How can you define something that is simple? Simplicity is indeed an abstract term.
Let’s have a look at some dictionaries, those works that since the 17th century have done an incredible effort of synthesizing all human experience, and see what they have to say about it.
It is terribly interesting to see that for the definition of something that is easy, man has only used terms that mean the opposite: effort, difficult, complex,…
By assembling the main concepts, simplicity is the skill of performing an action that raises no questions, difficulties or efforts.
It is clear that for the word simple to exist, we need to go through a series of objects whose attributes make it simple – or not.

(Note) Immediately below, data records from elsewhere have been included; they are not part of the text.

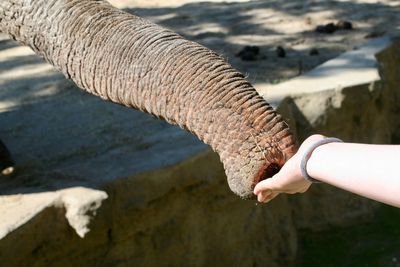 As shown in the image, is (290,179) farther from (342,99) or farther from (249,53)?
(249,53)

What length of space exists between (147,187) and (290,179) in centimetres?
181

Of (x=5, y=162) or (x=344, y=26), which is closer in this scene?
(x=5, y=162)

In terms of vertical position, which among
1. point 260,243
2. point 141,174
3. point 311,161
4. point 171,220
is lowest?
point 260,243

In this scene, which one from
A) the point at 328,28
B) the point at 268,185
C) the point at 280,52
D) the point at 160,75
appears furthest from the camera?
the point at 328,28

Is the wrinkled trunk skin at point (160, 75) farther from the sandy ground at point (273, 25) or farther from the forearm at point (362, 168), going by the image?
the sandy ground at point (273, 25)

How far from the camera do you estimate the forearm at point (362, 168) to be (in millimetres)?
1969

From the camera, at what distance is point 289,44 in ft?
21.6

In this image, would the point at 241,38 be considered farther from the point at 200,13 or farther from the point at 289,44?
the point at 200,13

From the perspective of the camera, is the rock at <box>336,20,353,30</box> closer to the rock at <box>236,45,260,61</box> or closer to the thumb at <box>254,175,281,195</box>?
the rock at <box>236,45,260,61</box>

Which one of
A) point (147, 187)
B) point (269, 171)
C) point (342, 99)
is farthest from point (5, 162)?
point (269, 171)

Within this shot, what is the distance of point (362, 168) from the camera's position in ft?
6.74

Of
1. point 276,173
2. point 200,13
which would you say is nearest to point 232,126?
point 276,173

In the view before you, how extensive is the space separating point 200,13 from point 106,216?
3803mm

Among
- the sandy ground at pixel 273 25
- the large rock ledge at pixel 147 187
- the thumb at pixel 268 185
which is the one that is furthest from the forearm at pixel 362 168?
the sandy ground at pixel 273 25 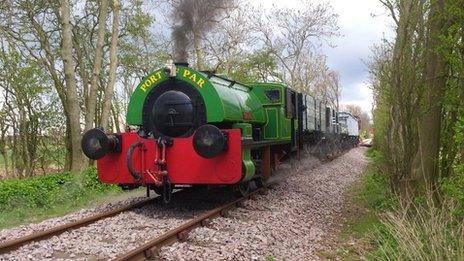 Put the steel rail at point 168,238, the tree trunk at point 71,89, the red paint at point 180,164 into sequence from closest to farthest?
1. the steel rail at point 168,238
2. the red paint at point 180,164
3. the tree trunk at point 71,89

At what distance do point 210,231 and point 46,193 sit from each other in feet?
20.9

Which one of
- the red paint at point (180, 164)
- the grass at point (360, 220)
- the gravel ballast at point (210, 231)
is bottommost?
the grass at point (360, 220)

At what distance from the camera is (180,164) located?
865cm

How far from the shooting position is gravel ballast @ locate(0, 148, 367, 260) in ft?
19.7

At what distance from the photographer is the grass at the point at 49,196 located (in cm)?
993

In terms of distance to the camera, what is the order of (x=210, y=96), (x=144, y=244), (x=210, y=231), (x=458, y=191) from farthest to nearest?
(x=210, y=96)
(x=210, y=231)
(x=458, y=191)
(x=144, y=244)

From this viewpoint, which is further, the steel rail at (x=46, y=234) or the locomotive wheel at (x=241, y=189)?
the locomotive wheel at (x=241, y=189)

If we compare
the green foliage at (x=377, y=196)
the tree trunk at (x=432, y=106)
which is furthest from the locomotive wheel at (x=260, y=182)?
the tree trunk at (x=432, y=106)

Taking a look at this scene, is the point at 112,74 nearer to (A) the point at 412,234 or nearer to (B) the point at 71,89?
(B) the point at 71,89

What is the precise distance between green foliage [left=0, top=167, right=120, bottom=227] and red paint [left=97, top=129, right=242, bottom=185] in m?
2.08

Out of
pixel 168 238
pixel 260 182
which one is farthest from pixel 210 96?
pixel 260 182

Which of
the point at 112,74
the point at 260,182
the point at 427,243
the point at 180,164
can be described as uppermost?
the point at 112,74

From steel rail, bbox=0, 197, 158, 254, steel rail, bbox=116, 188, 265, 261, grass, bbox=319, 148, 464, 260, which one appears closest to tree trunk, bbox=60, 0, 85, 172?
steel rail, bbox=0, 197, 158, 254

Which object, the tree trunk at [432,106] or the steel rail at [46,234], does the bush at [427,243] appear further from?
the steel rail at [46,234] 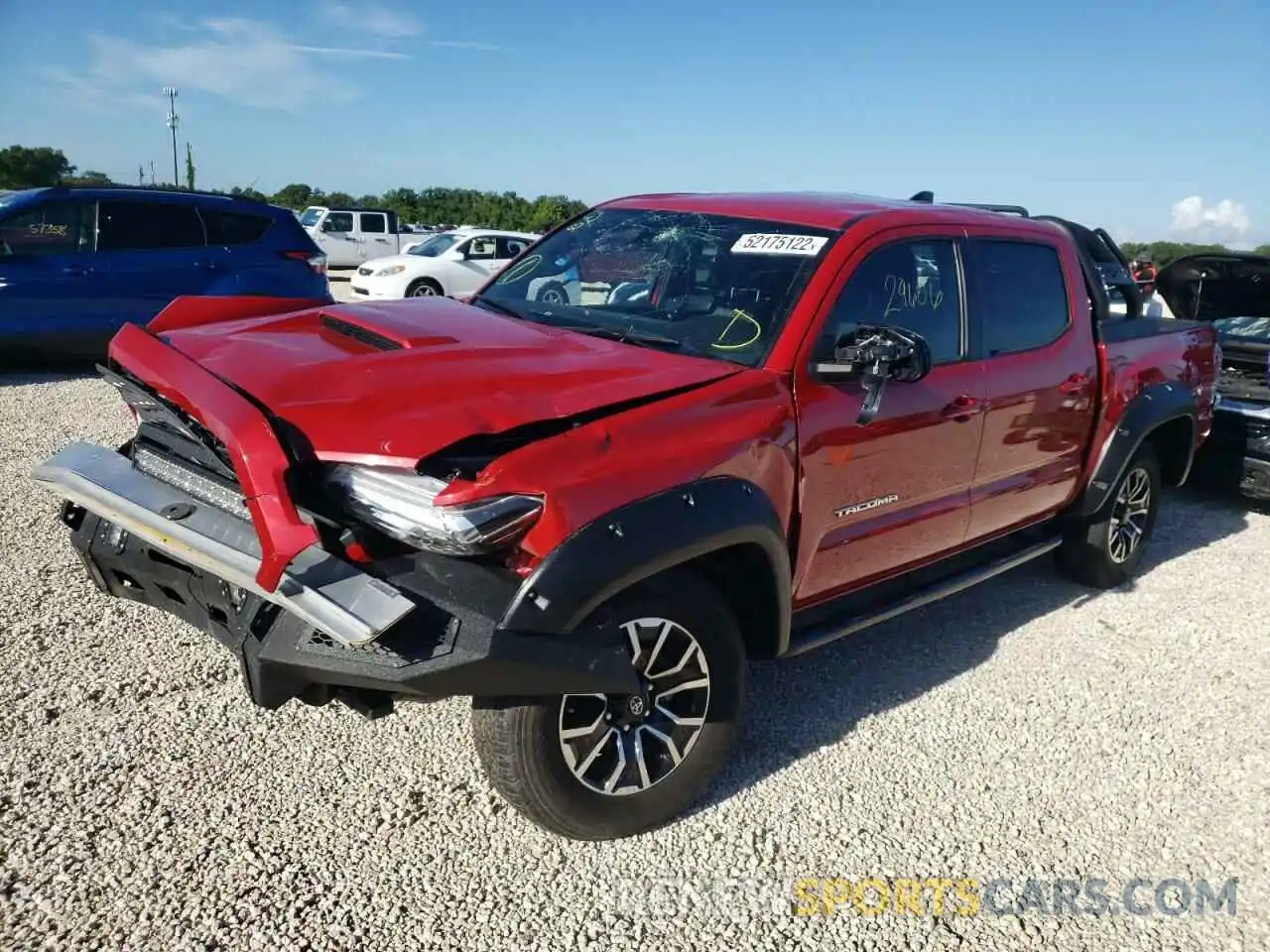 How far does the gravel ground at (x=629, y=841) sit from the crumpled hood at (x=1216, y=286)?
3.47 m

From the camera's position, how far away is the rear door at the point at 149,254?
9016mm

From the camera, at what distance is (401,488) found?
2480 millimetres

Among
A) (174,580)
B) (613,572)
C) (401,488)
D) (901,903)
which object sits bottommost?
(901,903)

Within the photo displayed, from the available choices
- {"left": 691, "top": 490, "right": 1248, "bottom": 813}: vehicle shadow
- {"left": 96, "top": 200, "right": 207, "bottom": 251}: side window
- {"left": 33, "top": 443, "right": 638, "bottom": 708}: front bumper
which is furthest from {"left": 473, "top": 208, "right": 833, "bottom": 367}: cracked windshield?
{"left": 96, "top": 200, "right": 207, "bottom": 251}: side window

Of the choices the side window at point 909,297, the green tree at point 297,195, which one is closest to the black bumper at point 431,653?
the side window at point 909,297

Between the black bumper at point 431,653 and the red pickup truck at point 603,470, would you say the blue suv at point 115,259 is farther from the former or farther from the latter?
the black bumper at point 431,653

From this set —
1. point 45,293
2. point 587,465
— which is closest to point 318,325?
point 587,465

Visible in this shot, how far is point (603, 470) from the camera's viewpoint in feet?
8.42

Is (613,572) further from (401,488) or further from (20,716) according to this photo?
(20,716)

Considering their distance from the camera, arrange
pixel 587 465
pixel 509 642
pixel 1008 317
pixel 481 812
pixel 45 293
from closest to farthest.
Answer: pixel 509 642
pixel 587 465
pixel 481 812
pixel 1008 317
pixel 45 293

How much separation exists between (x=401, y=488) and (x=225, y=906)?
3.89ft

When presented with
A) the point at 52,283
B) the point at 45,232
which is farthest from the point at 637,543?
the point at 45,232

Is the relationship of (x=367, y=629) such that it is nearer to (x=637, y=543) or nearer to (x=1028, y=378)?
(x=637, y=543)

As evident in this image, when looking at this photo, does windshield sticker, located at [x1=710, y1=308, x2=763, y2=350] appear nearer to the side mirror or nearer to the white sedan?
the side mirror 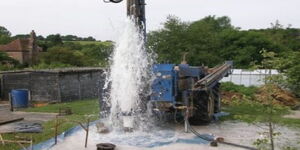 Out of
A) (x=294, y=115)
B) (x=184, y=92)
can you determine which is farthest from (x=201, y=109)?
(x=294, y=115)

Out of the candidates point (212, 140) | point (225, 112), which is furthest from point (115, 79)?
point (225, 112)

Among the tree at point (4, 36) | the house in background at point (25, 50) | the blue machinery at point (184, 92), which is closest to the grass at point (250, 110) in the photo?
the blue machinery at point (184, 92)

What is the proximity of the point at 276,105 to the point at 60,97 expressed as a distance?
59.8ft

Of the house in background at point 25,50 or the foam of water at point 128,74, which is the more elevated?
the house in background at point 25,50

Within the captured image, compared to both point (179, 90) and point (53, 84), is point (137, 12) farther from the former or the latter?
point (53, 84)

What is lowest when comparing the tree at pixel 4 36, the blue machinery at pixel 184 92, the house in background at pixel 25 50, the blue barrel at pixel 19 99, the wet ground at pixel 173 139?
the wet ground at pixel 173 139

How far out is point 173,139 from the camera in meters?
12.6

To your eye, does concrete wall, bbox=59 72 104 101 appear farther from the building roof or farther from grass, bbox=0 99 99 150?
the building roof

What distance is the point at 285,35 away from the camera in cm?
6456

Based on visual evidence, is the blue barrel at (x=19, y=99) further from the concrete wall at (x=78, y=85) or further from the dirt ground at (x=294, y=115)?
the dirt ground at (x=294, y=115)

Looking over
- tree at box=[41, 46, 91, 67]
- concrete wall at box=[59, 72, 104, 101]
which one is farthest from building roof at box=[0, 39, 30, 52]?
concrete wall at box=[59, 72, 104, 101]

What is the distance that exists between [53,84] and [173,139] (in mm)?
13211

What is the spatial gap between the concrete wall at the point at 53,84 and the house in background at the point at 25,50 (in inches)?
1552

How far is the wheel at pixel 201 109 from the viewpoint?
15.5 m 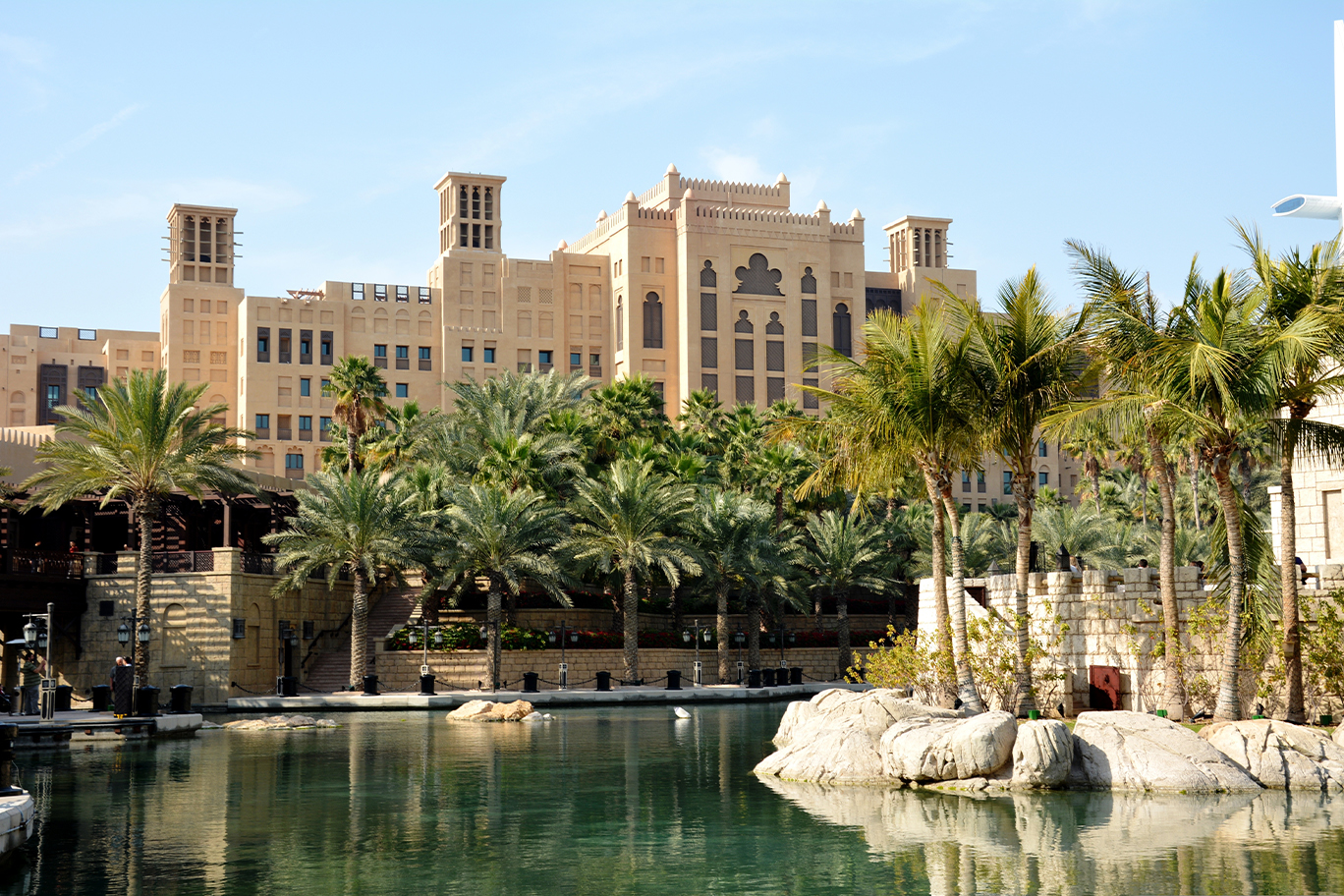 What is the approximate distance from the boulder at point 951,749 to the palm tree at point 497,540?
23.4 m

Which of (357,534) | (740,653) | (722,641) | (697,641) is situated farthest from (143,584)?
(740,653)

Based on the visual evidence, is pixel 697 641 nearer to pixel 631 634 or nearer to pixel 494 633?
pixel 631 634

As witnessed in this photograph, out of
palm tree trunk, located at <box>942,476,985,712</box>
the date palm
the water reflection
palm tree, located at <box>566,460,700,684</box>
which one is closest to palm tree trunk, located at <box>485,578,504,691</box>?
the date palm

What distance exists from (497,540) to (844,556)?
1389 centimetres

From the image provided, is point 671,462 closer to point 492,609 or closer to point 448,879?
point 492,609

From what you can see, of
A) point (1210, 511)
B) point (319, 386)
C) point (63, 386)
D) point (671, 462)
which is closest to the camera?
point (671, 462)

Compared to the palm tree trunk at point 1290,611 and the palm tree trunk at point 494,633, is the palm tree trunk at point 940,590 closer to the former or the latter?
the palm tree trunk at point 1290,611

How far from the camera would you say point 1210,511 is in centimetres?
5719

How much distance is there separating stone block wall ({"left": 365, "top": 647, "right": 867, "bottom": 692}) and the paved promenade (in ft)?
7.21

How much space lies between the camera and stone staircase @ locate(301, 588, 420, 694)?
43844 millimetres

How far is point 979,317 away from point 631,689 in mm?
22691

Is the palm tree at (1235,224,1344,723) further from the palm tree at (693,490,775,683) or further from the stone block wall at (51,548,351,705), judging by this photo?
the stone block wall at (51,548,351,705)

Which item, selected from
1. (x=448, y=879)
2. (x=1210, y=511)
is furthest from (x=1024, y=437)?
(x=1210, y=511)

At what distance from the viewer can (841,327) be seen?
302 feet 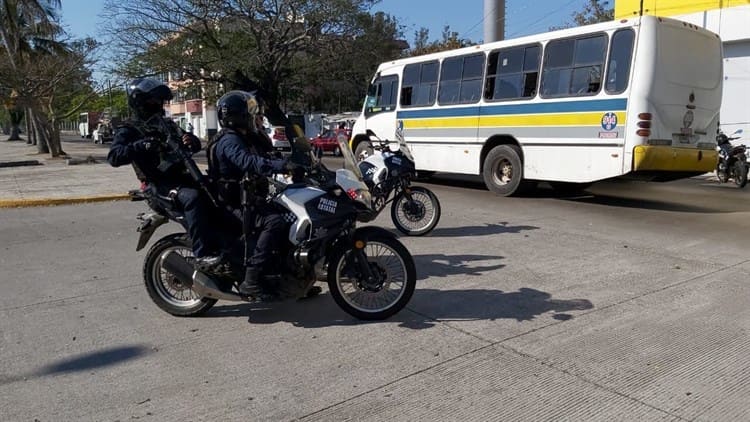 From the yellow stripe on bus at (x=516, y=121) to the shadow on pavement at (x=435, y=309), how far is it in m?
5.90

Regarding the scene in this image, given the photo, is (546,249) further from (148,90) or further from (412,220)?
(148,90)

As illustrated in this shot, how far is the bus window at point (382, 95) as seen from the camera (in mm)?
15078

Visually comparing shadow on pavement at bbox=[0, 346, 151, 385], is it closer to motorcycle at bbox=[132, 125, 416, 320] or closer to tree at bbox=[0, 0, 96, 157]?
motorcycle at bbox=[132, 125, 416, 320]

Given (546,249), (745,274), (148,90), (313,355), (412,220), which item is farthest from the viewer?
(412,220)

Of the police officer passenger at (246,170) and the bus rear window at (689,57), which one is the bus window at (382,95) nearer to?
the bus rear window at (689,57)

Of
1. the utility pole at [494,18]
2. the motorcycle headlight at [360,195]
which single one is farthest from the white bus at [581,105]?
the utility pole at [494,18]

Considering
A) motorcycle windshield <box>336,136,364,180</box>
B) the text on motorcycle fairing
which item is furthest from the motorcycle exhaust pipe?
motorcycle windshield <box>336,136,364,180</box>

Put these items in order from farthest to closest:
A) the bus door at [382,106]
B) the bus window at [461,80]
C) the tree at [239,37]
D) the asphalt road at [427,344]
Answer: the tree at [239,37]
the bus door at [382,106]
the bus window at [461,80]
the asphalt road at [427,344]

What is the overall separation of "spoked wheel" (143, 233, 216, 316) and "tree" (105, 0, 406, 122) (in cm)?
2624

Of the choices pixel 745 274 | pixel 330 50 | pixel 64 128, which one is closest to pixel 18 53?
pixel 330 50

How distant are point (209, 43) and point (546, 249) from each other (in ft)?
96.3

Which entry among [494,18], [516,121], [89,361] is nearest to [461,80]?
[516,121]

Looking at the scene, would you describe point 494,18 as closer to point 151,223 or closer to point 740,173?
point 740,173

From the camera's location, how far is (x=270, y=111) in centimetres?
495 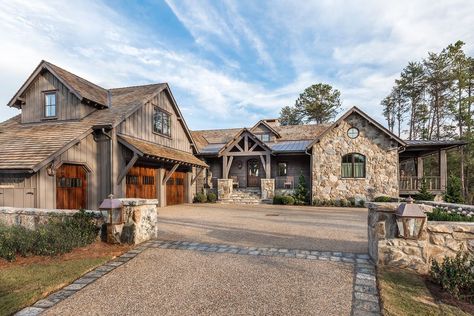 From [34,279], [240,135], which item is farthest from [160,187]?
[34,279]

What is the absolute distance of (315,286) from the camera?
434 cm

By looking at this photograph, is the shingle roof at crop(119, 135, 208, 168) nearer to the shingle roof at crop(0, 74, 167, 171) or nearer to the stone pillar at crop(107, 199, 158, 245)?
the shingle roof at crop(0, 74, 167, 171)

If we apply this concept to our profession, we can say an interface is a series of graphical objects that form an entity with which users will work. And it will be this entity that will be considered simple – or not.
Since human behaviour is 95% non-conscious, simplicity will be evaluated based on:
- A skill that is 95% non-conscious
- An imposition to our mind that is 95% non-conscious
- A difficulty and/or effort that is 95% non-conscious
Non-consciousness, the automatic mode of our brain, makes cognitive activity lighter for us. As such, it is the basis of simplicity.
An efficient method is a procedure that assembles all graphical objects in such a way that users will perceive its use as simple and that generates behaviour that is based on the 95% of non-conscious activity of our brain.